He’d put these books in front of me and say, “You’re going to learn  to play your scales in all 12 keys, 2 ½ octaves.” I’m in 8th grade, so I had this notion that there was more to learn than just being in school bands and etude books.

Then at Interlocken I realized that I had a lot to learn about playing the instrument, developing technique, sound and air.

This all put me on a path that led me away from learning jazz out of transcription books and just studying the saxophone from a classical/conservatory kind of thing for about 6 years.

That was a formal training, but all along, while I was studying under Hemke at Interlocken, he told me “I know what you want to do musically, and it’s different than this. But, there are things that you can learn from melodic interpretation and playing the instrument well so that you can play anything that you want to. Things like articulation, and how to emulate characteristics of different instruments, like a voice or string instrument, and how to use them to interpret a melody.

HOW DID YOU STUDY JAZZ?

I was trying to learn jazz on my own, taking the “Omni” book and trying to figure what this “Confirmation” solo was all about. I was learning the jazz thing for many years.

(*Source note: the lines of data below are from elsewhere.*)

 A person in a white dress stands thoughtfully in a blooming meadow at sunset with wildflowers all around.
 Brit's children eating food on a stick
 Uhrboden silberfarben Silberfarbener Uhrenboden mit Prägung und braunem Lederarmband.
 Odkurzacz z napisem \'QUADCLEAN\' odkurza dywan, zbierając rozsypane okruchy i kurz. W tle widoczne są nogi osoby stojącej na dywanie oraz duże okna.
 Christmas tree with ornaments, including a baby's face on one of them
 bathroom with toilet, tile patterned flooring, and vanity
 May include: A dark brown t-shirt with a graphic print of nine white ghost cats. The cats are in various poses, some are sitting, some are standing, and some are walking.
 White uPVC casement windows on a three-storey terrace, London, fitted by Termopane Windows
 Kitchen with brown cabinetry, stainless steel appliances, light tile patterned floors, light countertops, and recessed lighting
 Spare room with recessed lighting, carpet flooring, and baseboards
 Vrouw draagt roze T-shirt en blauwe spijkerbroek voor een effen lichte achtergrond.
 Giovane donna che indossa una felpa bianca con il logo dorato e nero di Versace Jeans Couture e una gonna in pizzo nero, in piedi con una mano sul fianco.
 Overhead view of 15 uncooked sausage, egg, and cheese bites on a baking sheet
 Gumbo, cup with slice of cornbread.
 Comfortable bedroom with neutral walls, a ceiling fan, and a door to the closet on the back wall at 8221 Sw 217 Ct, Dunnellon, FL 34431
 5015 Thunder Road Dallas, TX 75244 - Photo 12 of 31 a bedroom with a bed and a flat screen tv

Once I got done with school, I was teaching, and a friend turned me on to Dolphy and Mingus. So, I started to hear more possibilities outside of  Cannonball.

My dad loved King Curtis, that kind of tenor.  When I was ten and told my dad I wanted to play saxophone, he went to New York and brought back some albums and said, “This is what good saxophone sounds like”, and it was Cannonball’s second to last recording. I wore it out.

I went through my dad’s record collection and he had 20 Cannonball lps, so by then it was all over.

I would be at Northwestern University practicing, and people would just walk into my room and start showing me things about how to improvise, how to develop my ear and stuff like that.

I was in love with the tenor…Coltrane, Dexter, and then I heard Sonny Rollins play “St. Thomas” and I thought, “Hey, I know that song”

But I initially came to it from a very conservatory approach because that’s where I first learned music. So, it wasn’t until much later that I was able to dive into this music and understand it in a much deeper level.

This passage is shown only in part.